This book was a first for me. Set in Biblical times it somehow lent itself very nicely as a book for modern times. It sounds a bit contradictory but I think the language used was so straight forward and simple that, that added to its appeal.
We have Dinah the daughter of Jacob one daughter in a huge family of only sons. She also has four mothers who are the wives of her father Jacob and who all look on the children as belonging to them all. Dinah is particularly precious to them all. She follows in the footsteps of her aunt who is a renowned midwife and Dinah herself develops this talent so that she becomes the natural follower of her Aunt.
The book is full of such wonderful, descriptive detail of everyday life. Life for women was particularly heavy and harsh. There was work constantly to be done.
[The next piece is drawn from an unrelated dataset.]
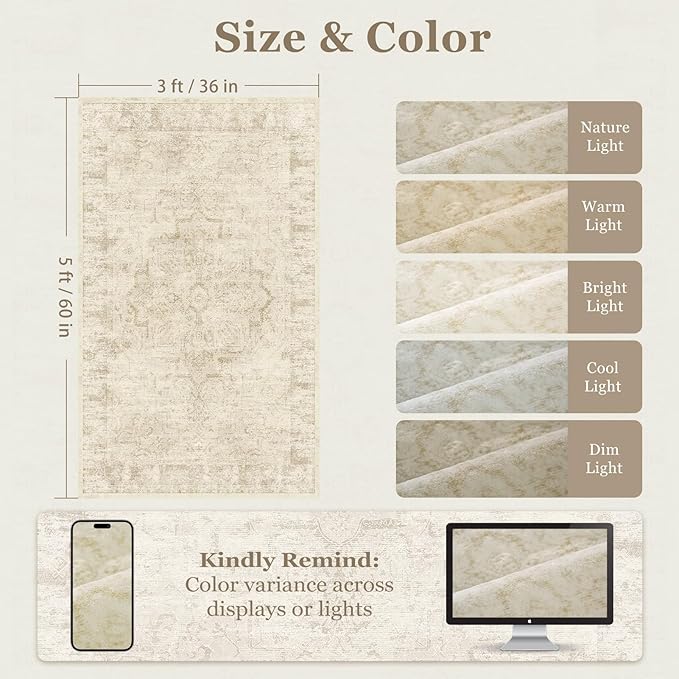 Natural Beige Distressed 3x5 Area Rugs for Entryway Foyer, Washable Non Slip Low Pile Throw Rugs for Kitchen, Farmhouse Medallion Pinted Carpet for Bedroom/Bathroom/Closet/Dorm/Home Office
It was not that easy for the men either but women did have a very hard time. Each person had allotted tasks and heaven help you if you failed in them in any way. There seemed to be no allowance for tiredness or for any frailty of any kind. It was only during a menstrual cycle of three days that women were allowed into "the red tent" to pray and relax and be away from the constant cycle of work.
Dinah's life from following her aunt Rachel to the city as a midwife to her meeting her husband, his subsequent tortured murder and the subsequent way Dinah's life turned is the subject of this story. Beautifully told, not boring at all despite the historical overtones throughout the book, this was an amazing discovery of the life of women in Biblical times.
On a personal note, Shivanthi our daughter has come from Melbourne and it is a permanent round of florists, and favours, beauty salons, pedicures and facials and all sorts of stuff which take the whole day. My son was expected tonight but the flight has been delayed for seven hours in Melbourne and I don't know when to expect him now. He has to take connections from Kuala Lumpur to get here and now we do not know when he will get here.